Your answer must be an exact repeat of the lines from the one containing "Once you turn" through the last line of the records, both included, with no pictures.

※

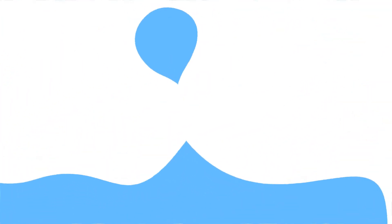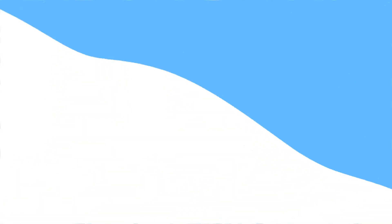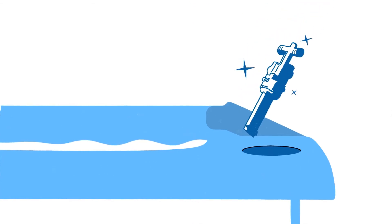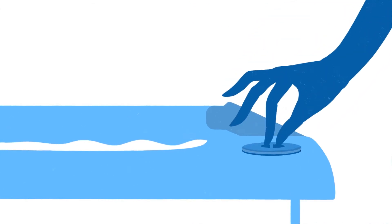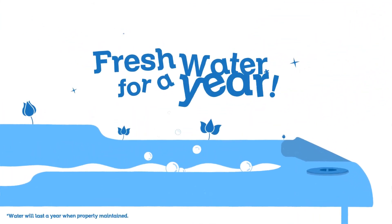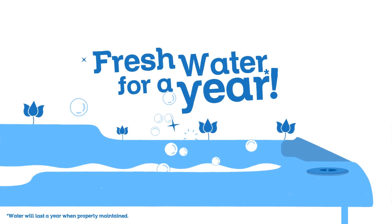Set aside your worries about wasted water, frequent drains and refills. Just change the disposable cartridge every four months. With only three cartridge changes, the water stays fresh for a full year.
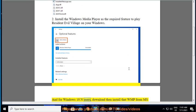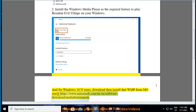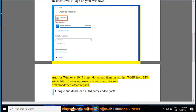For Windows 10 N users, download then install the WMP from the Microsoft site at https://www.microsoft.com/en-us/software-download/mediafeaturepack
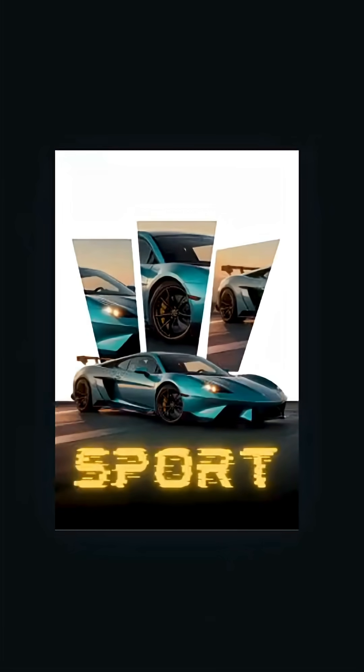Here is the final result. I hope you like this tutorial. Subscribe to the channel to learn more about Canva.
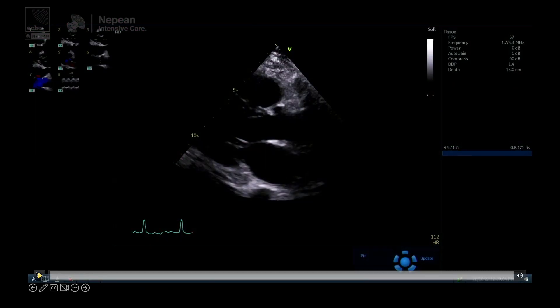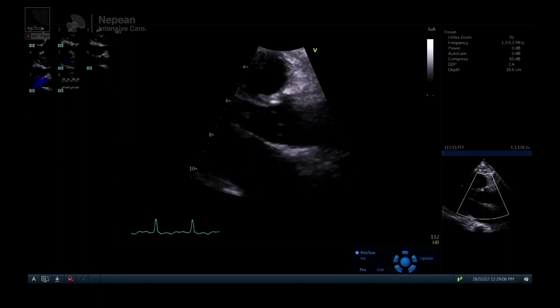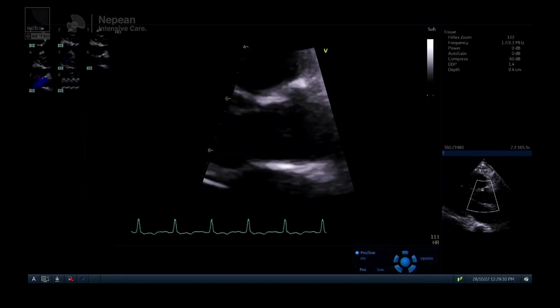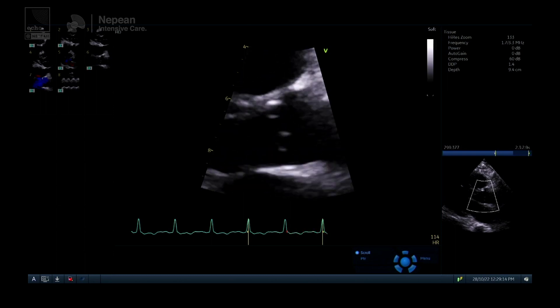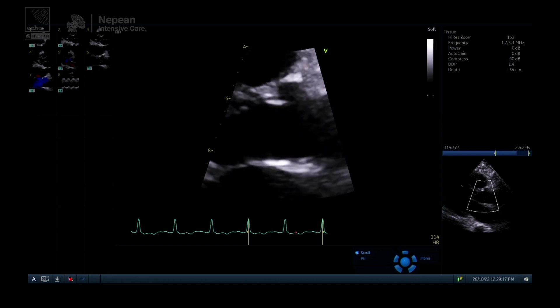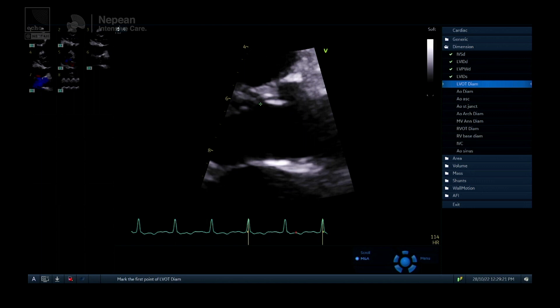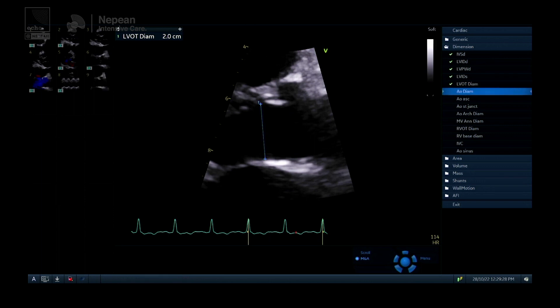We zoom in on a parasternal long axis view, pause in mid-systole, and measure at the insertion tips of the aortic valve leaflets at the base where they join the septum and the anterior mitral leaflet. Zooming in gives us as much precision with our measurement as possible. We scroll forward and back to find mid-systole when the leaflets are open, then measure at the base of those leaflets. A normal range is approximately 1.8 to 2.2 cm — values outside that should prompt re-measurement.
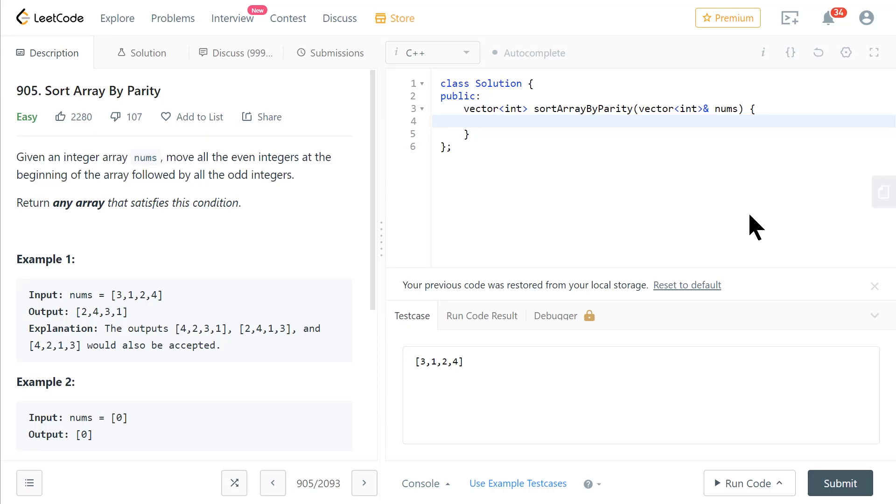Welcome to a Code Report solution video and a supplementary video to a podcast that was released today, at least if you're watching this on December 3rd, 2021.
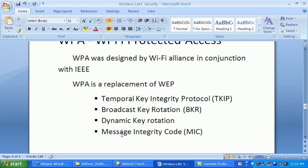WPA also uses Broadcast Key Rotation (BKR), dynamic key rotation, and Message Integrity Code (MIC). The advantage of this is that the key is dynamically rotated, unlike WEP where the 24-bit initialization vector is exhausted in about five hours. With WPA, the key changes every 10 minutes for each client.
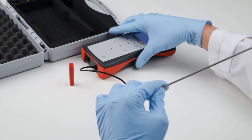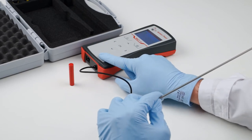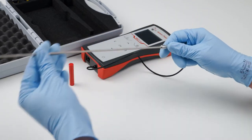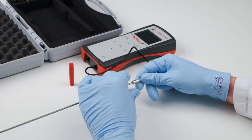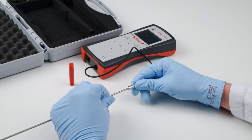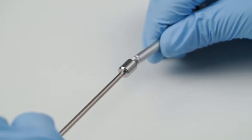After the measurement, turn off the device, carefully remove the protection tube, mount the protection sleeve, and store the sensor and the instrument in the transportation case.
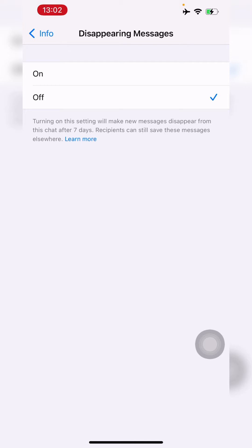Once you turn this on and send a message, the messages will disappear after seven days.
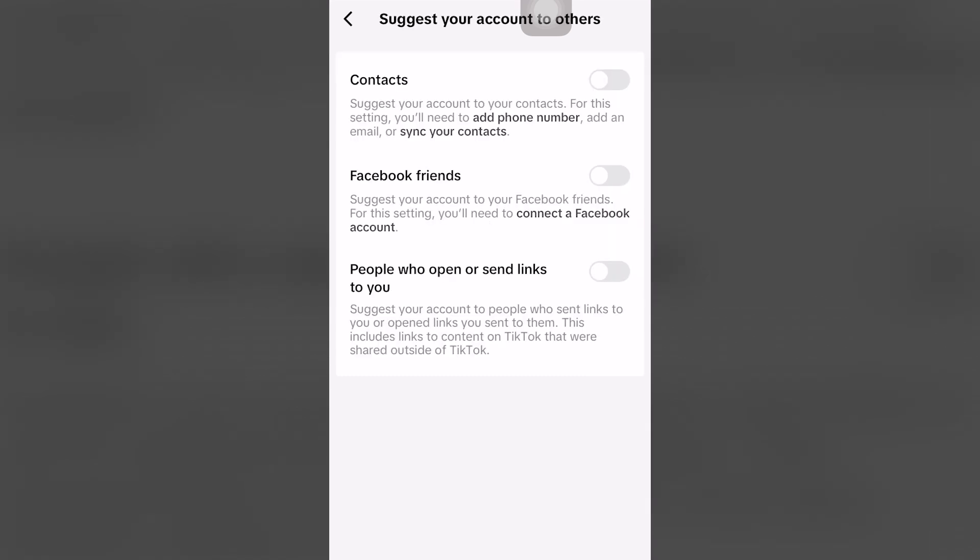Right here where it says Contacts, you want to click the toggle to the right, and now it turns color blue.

※

### Solution to the problem:
Once you turn this on and send a message, the messages will disappear after seven days.
Right here where it says Contacts, you want to click the toggle to the right, and now it turns color blue.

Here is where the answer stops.